*** Opening of Given data ***
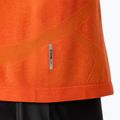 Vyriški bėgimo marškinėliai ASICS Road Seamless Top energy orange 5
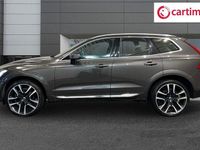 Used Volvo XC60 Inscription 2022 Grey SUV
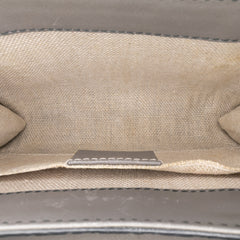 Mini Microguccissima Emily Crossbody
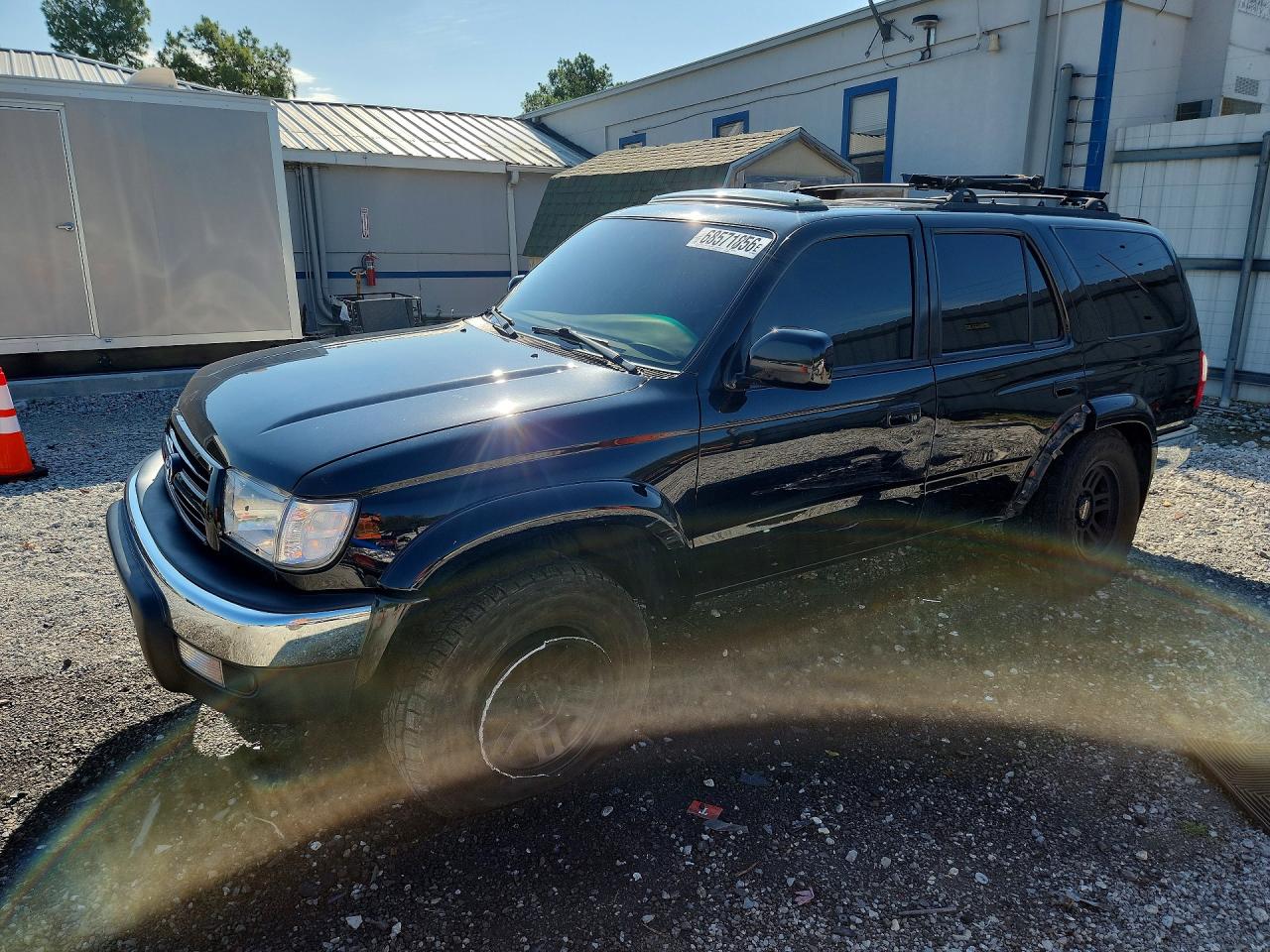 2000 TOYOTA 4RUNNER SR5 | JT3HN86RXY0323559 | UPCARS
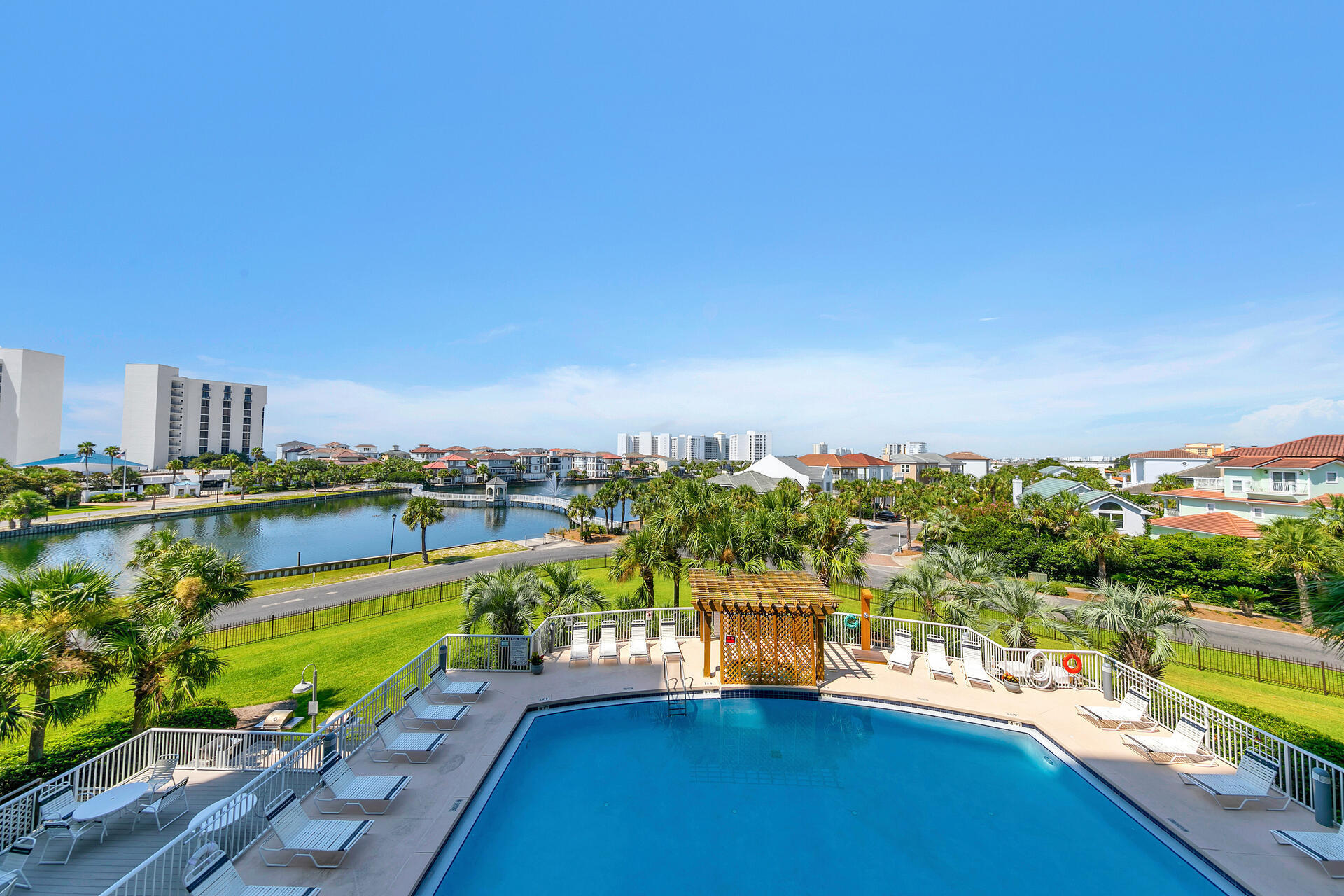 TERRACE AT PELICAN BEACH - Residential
*** Close of Given data ***
*** Opening of Given data ***
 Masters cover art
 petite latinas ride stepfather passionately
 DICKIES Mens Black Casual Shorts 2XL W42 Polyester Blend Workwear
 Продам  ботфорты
*** Close of Given data ***
Exercise directions: Range to print from the listing above: from the line with "Mini Microguccissima Emily Crossbody" up to and including the line with "TERRACE AT PELICAN BEACH - Residential". Please print those lines exactly, with no pictures and nothing more.

Answer section:
 Mini Microguccissima Emily Crossbody
 2000 TOYOTA 4RUNNER SR5 | JT3HN86RXY0323559 | UPCARS
 TERRACE AT PELICAN BEACH - Residential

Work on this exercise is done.